Llega un momento en que se encuentra a cuatro patas en el agua, alejándose hacia la orilla. El siguiente empujón la lleva a los bajíos, es donde se hacía la muerta, ahora hay unos niños que gritan porque las olas han derruido sus castillos, fundiéndolos de inmediato, convirtiéndolos en meros montoncitos de arena húmeda. Nadie le presta la menor atención. Estupendo. Gatea orilla arriba. La siguiente ola que la alcanza ni siquiera la tumba, tan solo discurre debajo de ella con su blanco susurro burbujeante, el ambiente lleno de una bruma salina, el retroceso de la ola intentando arrastrarla de vuelta al mar. Pero hunde los dedos en la arena, el agua da saltos alrededor de sus antebrazos y rodillas, hace un surco su cuerpo en la arena donde se ha posado hasta que otra ola la golpea por detrás. Pero ya nada puede moverla. Unas cuantas olas más la rebasan y reculan, se hunde un poco más en el surco de arena húmeda. Levanta las manos, las rodillas y asienta los pies, gatea un poco por la orilla. Una ola arrastra a su altura una aleta azul, extiende el brazo para alcanzarla, pero no lo logra. Los castillos de arena quedan muy lejos. Se detiene ahí, aún a cuatro patas, apoyando las rodillas, descansando. Todo está iluminado, pero también cargado de negrura. Recupera el aliento, aspirando, respirando, con un poco de náuseas, escupiendo agua salada.

Kaya corre hacia ella, apoya una mano en su espalda.

—¿Estás bien?

Ella asiente.

—Sí —dice—. Sí.

—¡Estupendo! ¡Vaya conjunto de olas! —Vuelve a adentrarse en el agua.

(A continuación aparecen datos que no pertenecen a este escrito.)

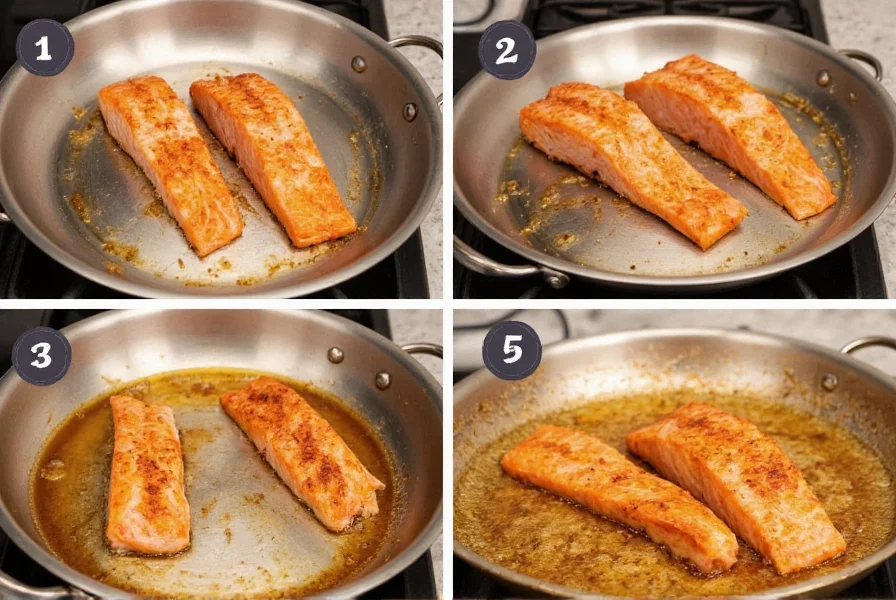 Step-by-step cooking process showing salmon searing in pan with soy ginger marinade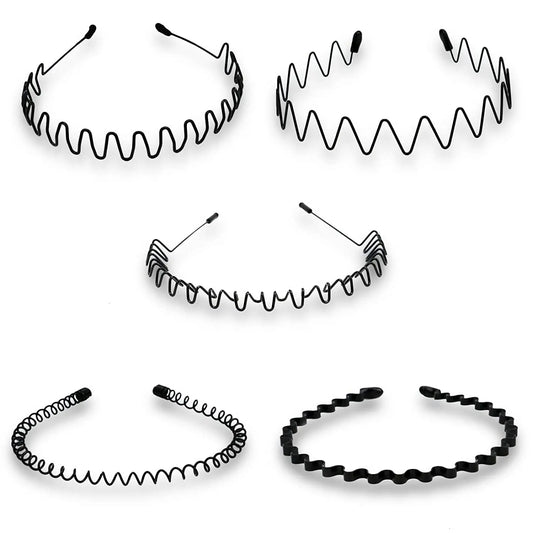 Unisex Black Elastic Non Slip Simple Metal Headbands For Women Wavy Hairband Spring Hair Hoop Fashion Hair Accessories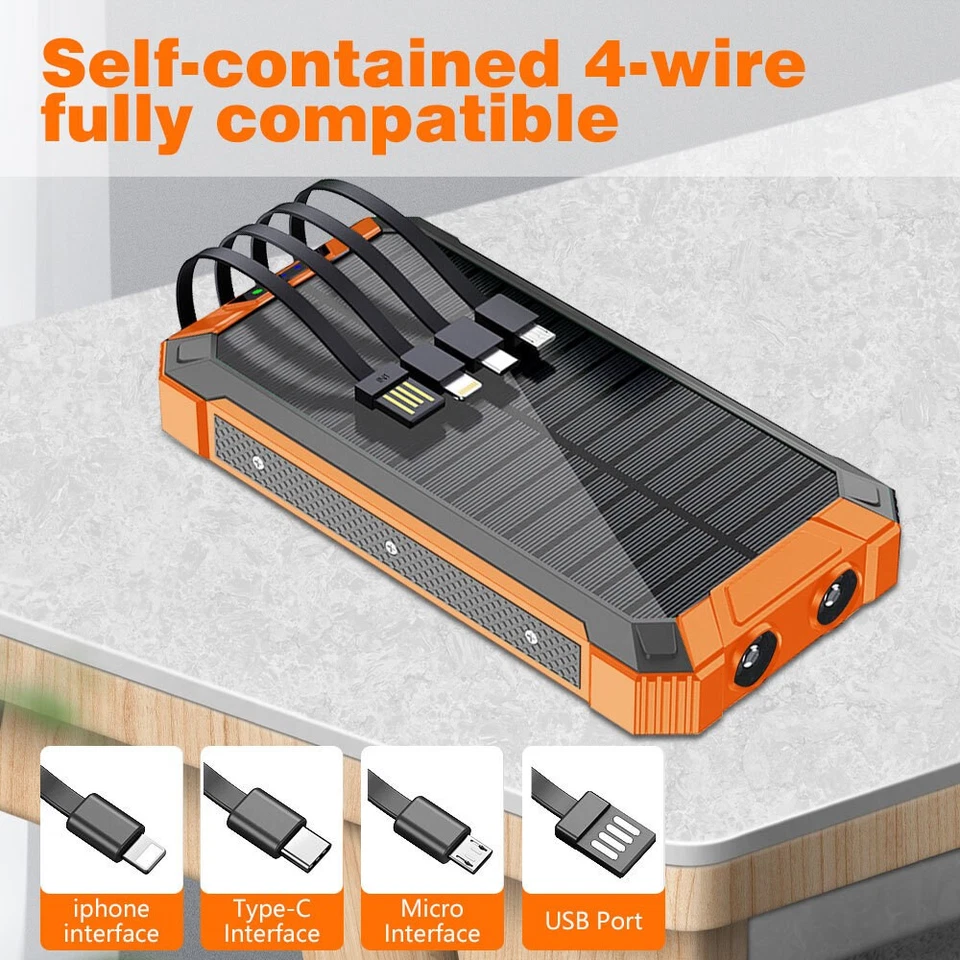 32800/38800mAh Solar Power Bank External Battery Backup Charger Wireless Charger - Image 2 of 4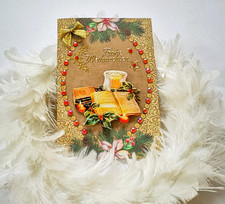 Frohe Weihnachten, festliche 3D Motiv Grußkarte mit edlen Perlen & Umschlag.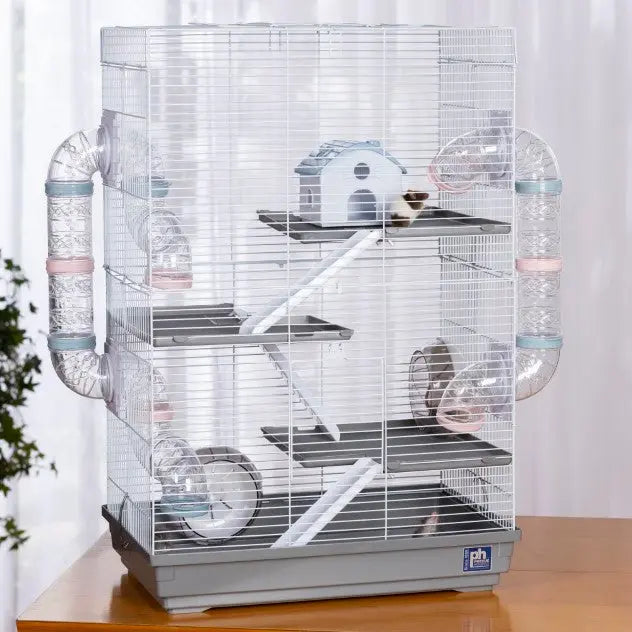 Prevue Pet Products Deluxe Hamster and Gerbil Playhouse Cage with Ramp and Multiple Accessories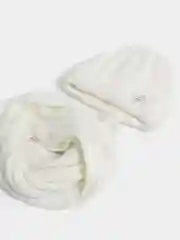 Белый комплект шапка+снуд Аэлита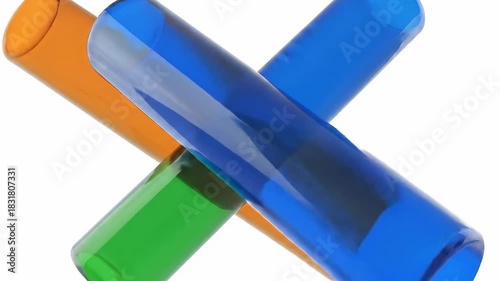 Wallpaper Mural Colorful Blue Green and Orange Glass Tubes Intersecting Abstractly. Torontodigital.ca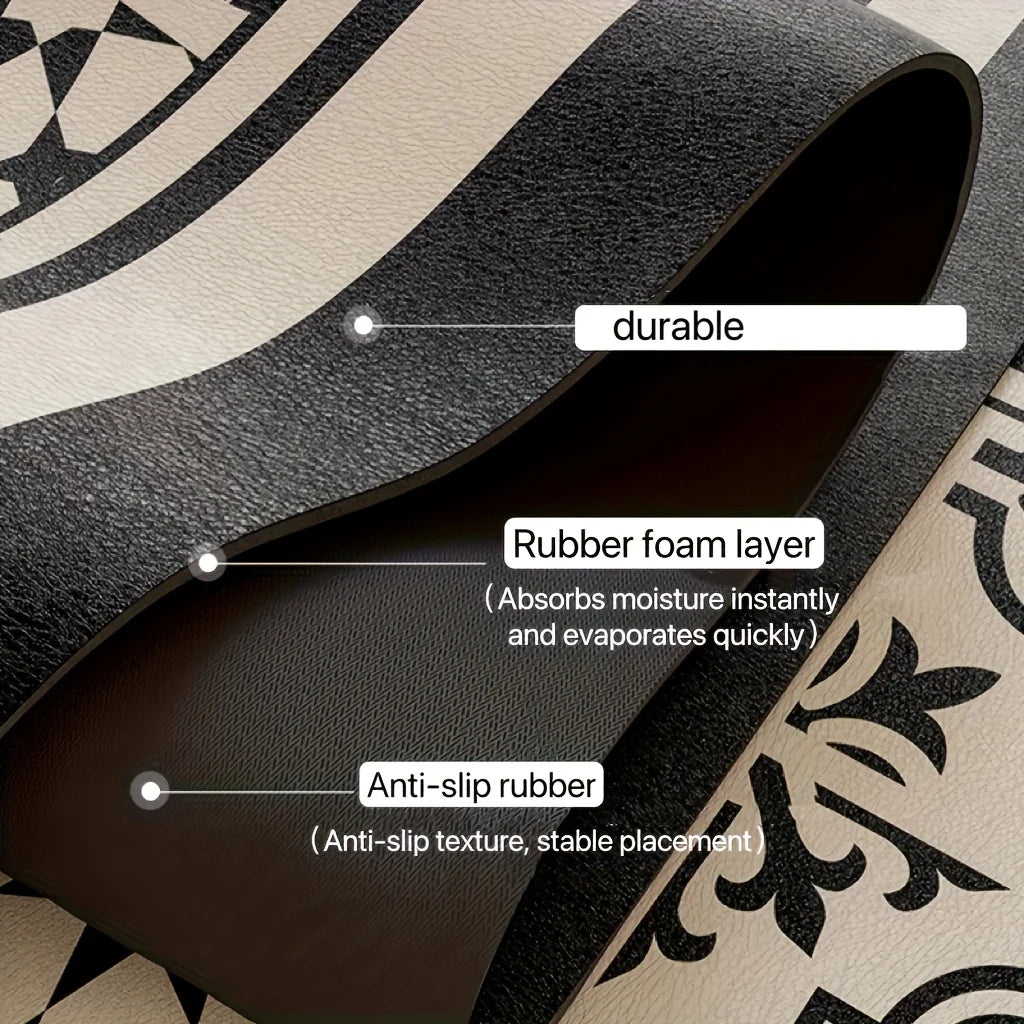Tapis d'évier anti-éclaboussures de style rétro Tapis absorbant de cuisine Tapis de table Tapis de protection étanche pour lavabo Tapis de salle de bain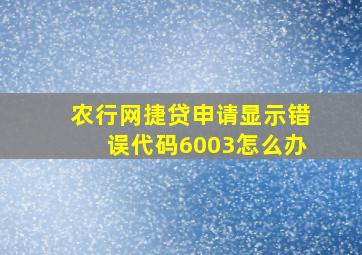 农行网捷贷申请显示错误代码6003怎么办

El sol tamborilea en su espalda, la orilla húmeda resplandece. Todo reluce y deslumbra, tan brillante que no puede ni mirarlo. Una ola rota lame la orilla, se detiene e imprime una huella de espuma. Una lámina de agua retrocede por la pendiente hacia ella, le rodea las muñecas, las rodillas, se hunde un poco más en la arena húmeda. El agua que burbujea arrastra granos de arena de vuelta al mar, motas negras que forman pautas en V entre granos rubios, trazando nuevos deltas ante su mirada. Deltas, piensa, deltas. Vaya mundo. Agacha la cabeza y besa la arena.